June 11, 2014

High-Quality Content: The Key to Ranking Number One on Google

You’ve created what you think is a solid SEO strategy, but you’re still not seeing the results you expected. So you add new keywords and ramp up your web design, only to come up short once again. If this sounds all too familiar, don’t worry. You’re not alone.

SEO has become increasingly difficult for marketers; yet it still remains a top priority. That’s because in today’s world— in which 93 percent of online experiences begin with a search engine—playing nice with search engines is the only way to remain competitive.

So what’s the secret to better rankings? The answer is high-quality content. Thanks to Google’s newest updates, past SEO tactics such as keyword stuffing and link exchanges no longer work. Search engines are focused on delivering users the best experience possible, meaning they’re on the hunt for high-quality content that’s relevant, educational and valuable.

Enter content marketing. Content marketing attracts and retains customers through the creation and dissemination of valuable content. When integrated with your SEO strategy, content marketing can help drive traffic and boost rankings. In fact, 92 percent of SEO marketers say that content creation is an effective SEO tactic and 76 percent regularly invest in content creation, according to a recent infographic commissioned by Sekari. 

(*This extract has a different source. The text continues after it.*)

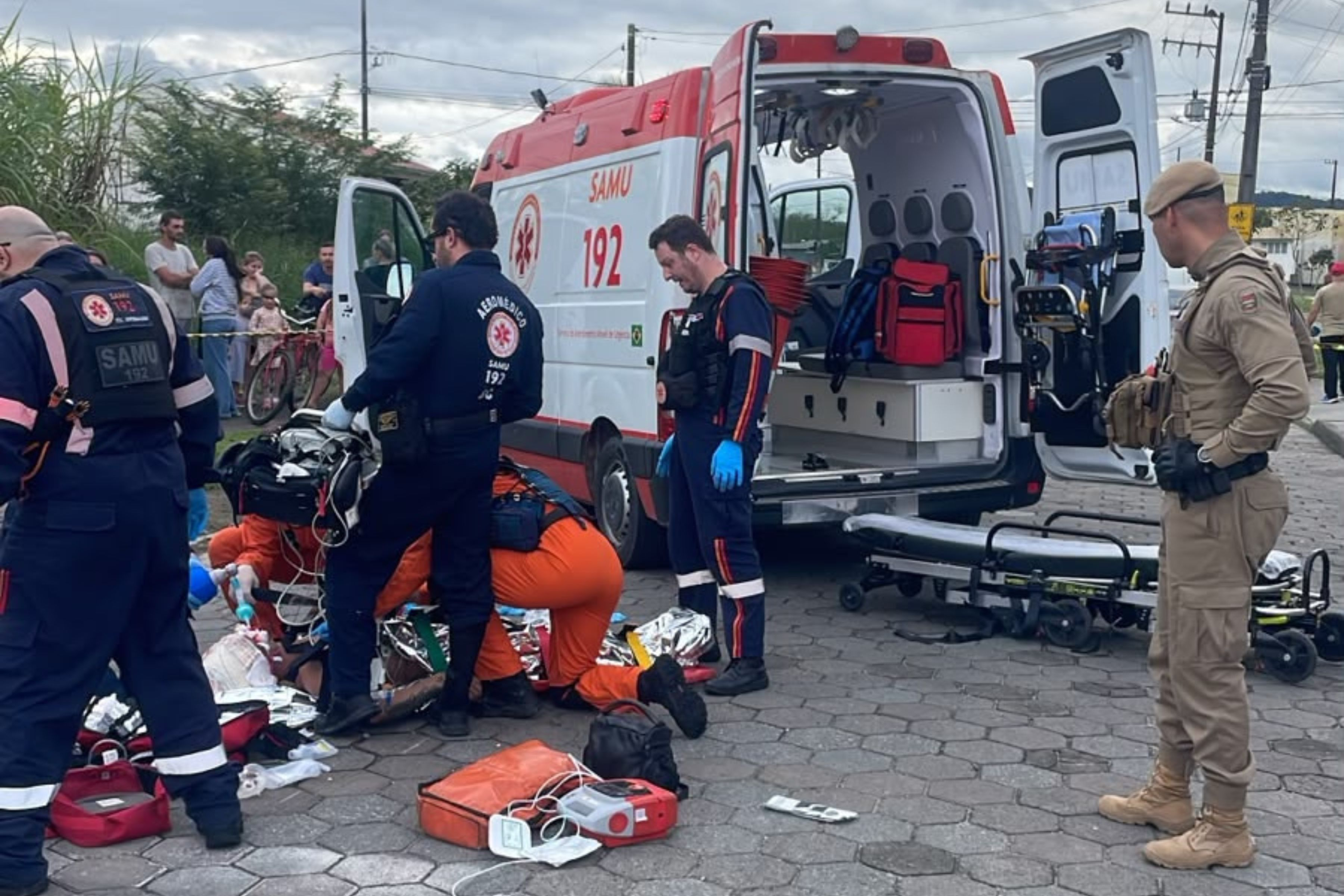Briga por d�vida de R$800 termina com homem morto com tiro na cabe�a em Gaspar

However, creating content just for the sake of it won’t get you any closer to the top of Google’s rankings. It’s got to be clear, concise and meaningful. Below are three questions to keep in mind when creating high-quality content:

  1. Does it solve a problem? When you go to Google or Bing, chances are you have a need to fulfill or problem you want to solve. Whether it’s learning how to cure your sunburn or deciding whether you should buy a laptop or a tablet, you have a “question” you need answered. Keep this in mind when crafting content. Provide your target audience with content that helps solve their biggest challenges or pain points. For example, “how-to’s,” “tips and tricks,” and “101 guides” are all types of content that helps engage readers.
  2. Is it educational? After engaging with a piece of content, readers should walk away having learned something new—otherwise, what’s the point? Your content should be informative and educational. But be careful; using complex jargon can be a huge turnoff, while dumbing it down too much makes you look like amateur. Find a way to be both educational and entertaining.
  3. Are you making a point? As a marketer, it’s easy to get lost in your own words. Oftentimes, we focus so much on the “what” that we fail to address the “why.” Make sure your content has a point. Before writing, map out two or three points that you want to drive home. Remember, your readers don’t have time to waste.